REQUIREMENT: Each entry below should be given again exactly; the pictures stay out.
BEGIN PROVIDED RECORDS
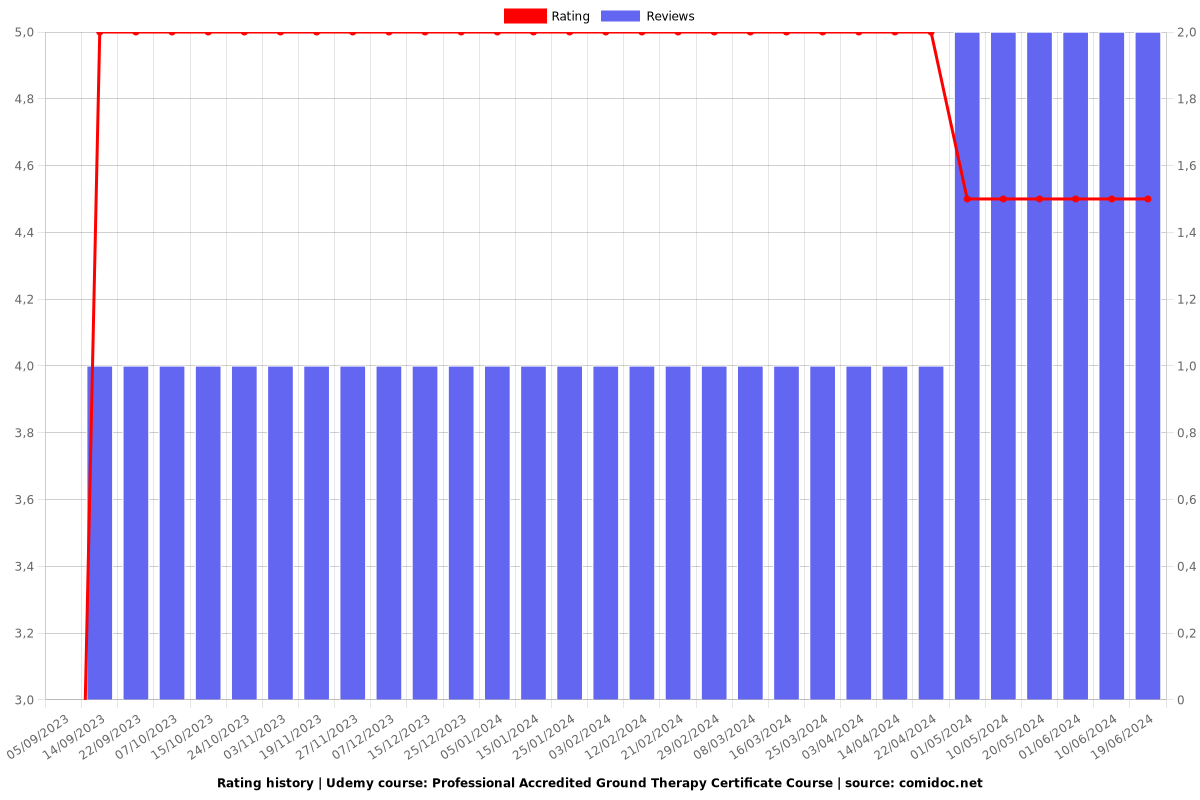 Professional Accredited Ground Therapy Certificate Course - Ratings chart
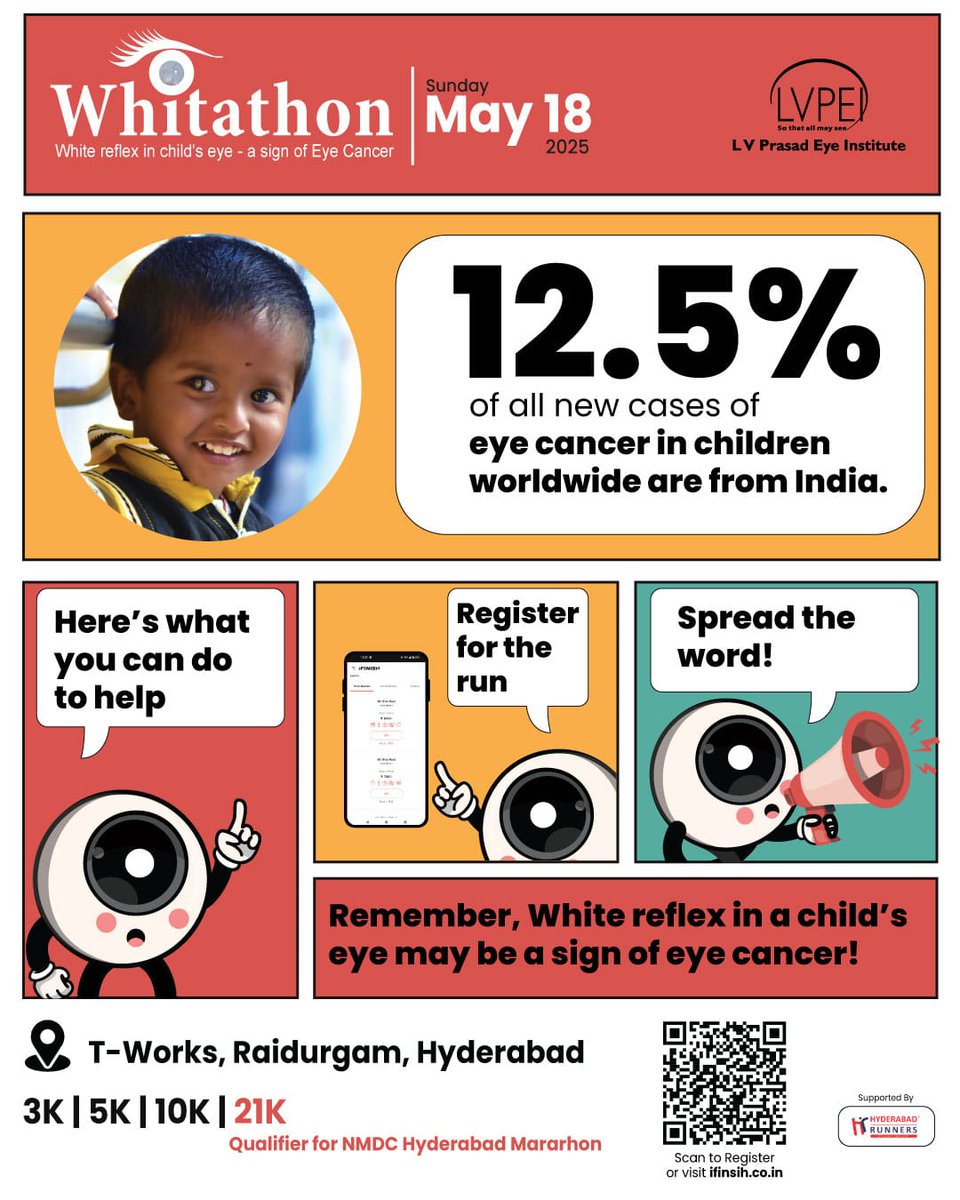 lvprasadeye's tweet photo. ๐๏ธ Early detection saves sight โ and life. Join us at #Whitathon2025 on 18 May to raise awareness about #Retinoblastoma, a life-threatening eye cancer in kids.
๐T-Works, Hyderabad | ๐โโ๏ธ3Kโ21K
๐ฒ Register: https://t.co/ybKElRWfEt
@hydrunners
#LVPEI #TWorks #CheckTheWhite https://t.co/Th3iakYuap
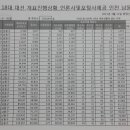 남동92 이미지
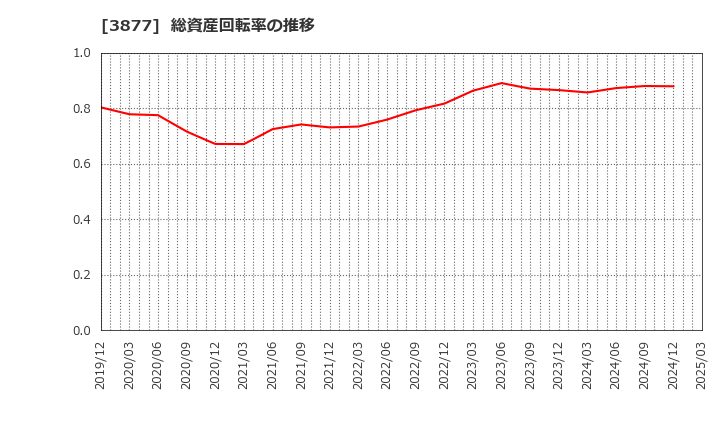 3877 中越パルプ工業(株): 総資産回転率の推移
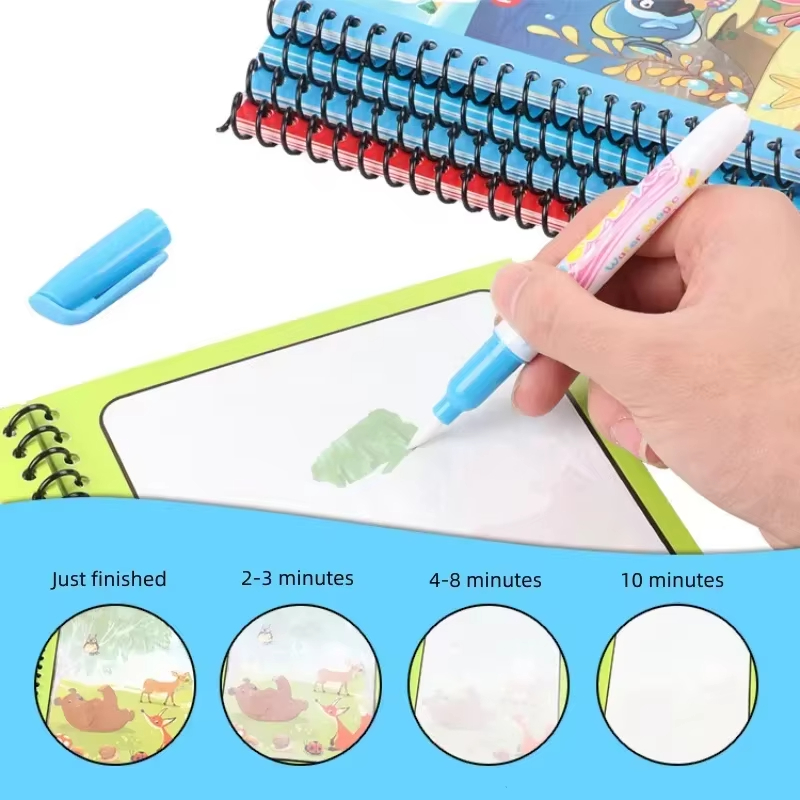 漫画マジックウォータードローイングブック ウォーターペン付き - Reusable Water Magic Coloring Book のレビューと価格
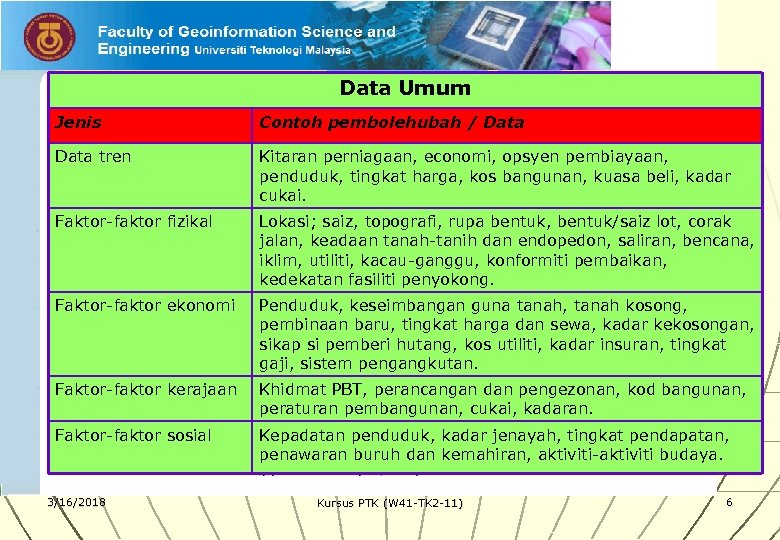 Data Umum Jenis Contoh pembolehubah / Data tren Kitaran perniagaan, economi, opsyen pembiayaan, penduduk,
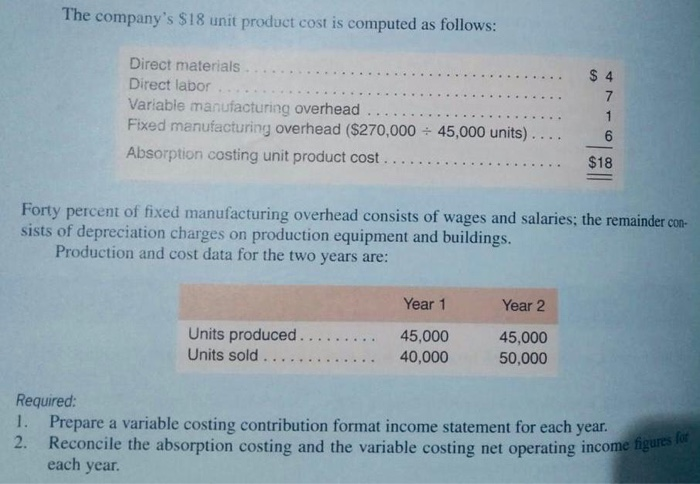 Company's first two years of operations, the company reported absorption costing net
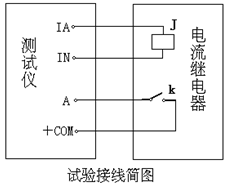 微機(jī)繼電保護(hù)測(cè)試儀試驗(yàn)指導(dǎo) 微機(jī)繼電保護(hù)測(cè)試儀試驗(yàn)指導(dǎo)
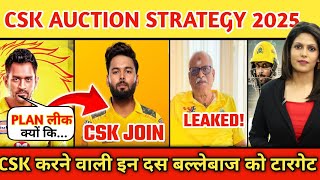 Csk news 2025  csk target players  csk auction strategy  ipl 2025 mega auction date [upl. by Anawd]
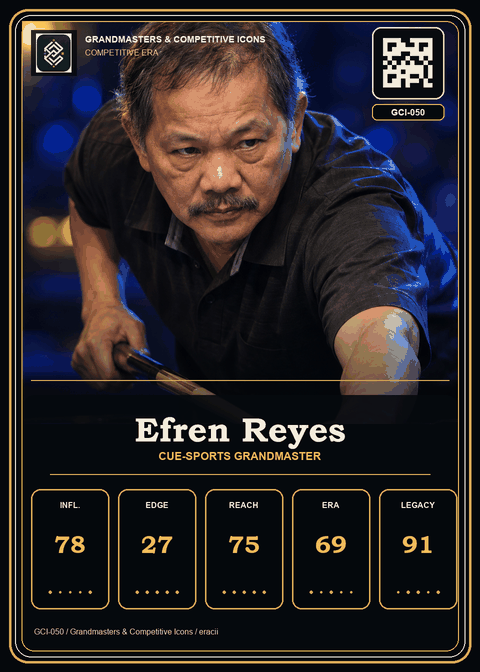 Efren Reyes individual eracii card front.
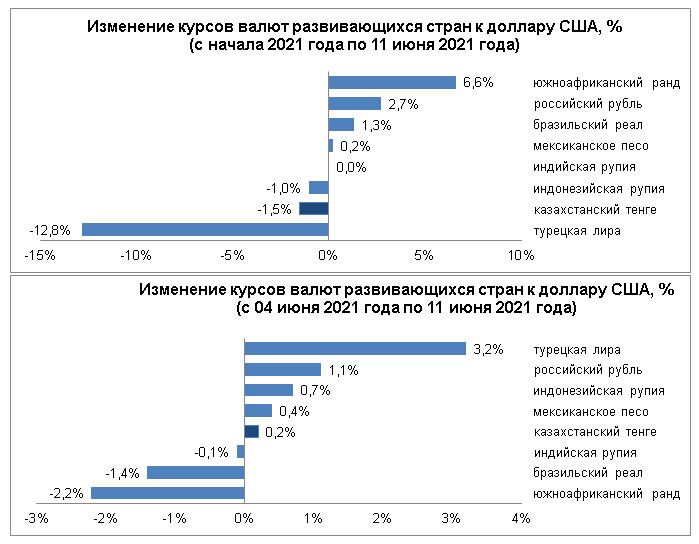 За неделю тенге укрепился на 0,2% 803201 - Kapital.kz 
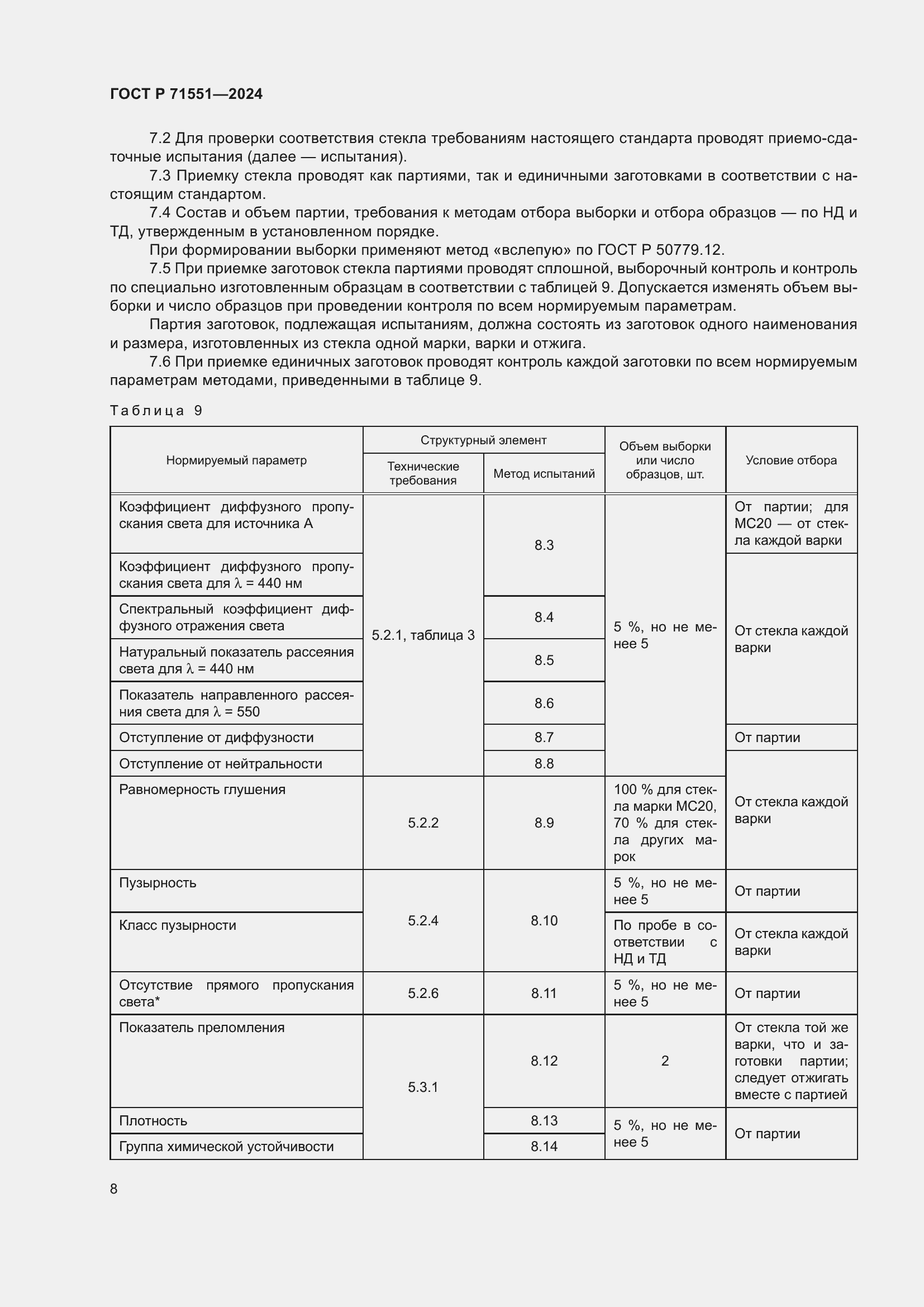 Страница 12 ГОСТ Р 71551-2024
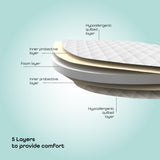 Moon Toddler Crib & Bassinet Mattress - White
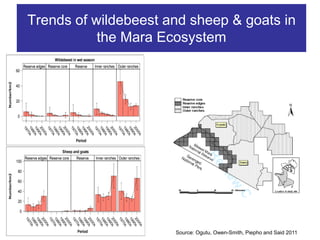 Challenges and impacts of land use and land use planning on ecosystem, biodiversity, and people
END PROVIDED RECORDS
SOLUTION TO THIS PROBLEM:
 Professional Accredited Ground Therapy Certificate Course - Ratings chart
 lvprasadeye's tweet photo. ๐๏ธ Early detection saves sight โ and life. Join us at #Whitathon2025 on 18 May to raise awareness about #Retinoblastoma, a life-threatening eye cancer in kids.
๐T-Works, Hyderabad | ๐โโ๏ธ3Kโ21K
๐ฒ Register: https://t.co/ybKElRWfEt
@hydrunners
#LVPEI #TWorks #CheckTheWhite https://t.co/Th3iakYuap
 남동92 이미지
 3877 中越パルプ工業(株): 総資産回転率の推移
 漫画マジックウォータードローイングブック ウォーターペン付き - Reusable Water Magic Coloring Book のレビューと価格
 Data Umum Jenis Contoh pembolehubah / Data tren Kitaran perniagaan, economi, opsyen pembiayaan, penduduk,
 Company's first two years of operations, the company reported absorption costing net
 微機(jī)繼電保護(hù)測(cè)試儀試驗(yàn)指導(dǎo) 微機(jī)繼電保護(hù)測(cè)試儀試驗(yàn)指導(dǎo)
 Csk news 2025  csk target players  csk auction strategy  ipl 2025 mega auction date [upl. by Anawd]
 Efren Reyes individual eracii card front.
 За неделю тенге укрепился на 0,2% 803201 - Kapital.kz 
 Страница 12 ГОСТ Р 71551-2024
 Moon Toddler Crib & Bassinet Mattress - White
 Challenges and impacts of land use and land use planning on ecosystem, biodiversity, and people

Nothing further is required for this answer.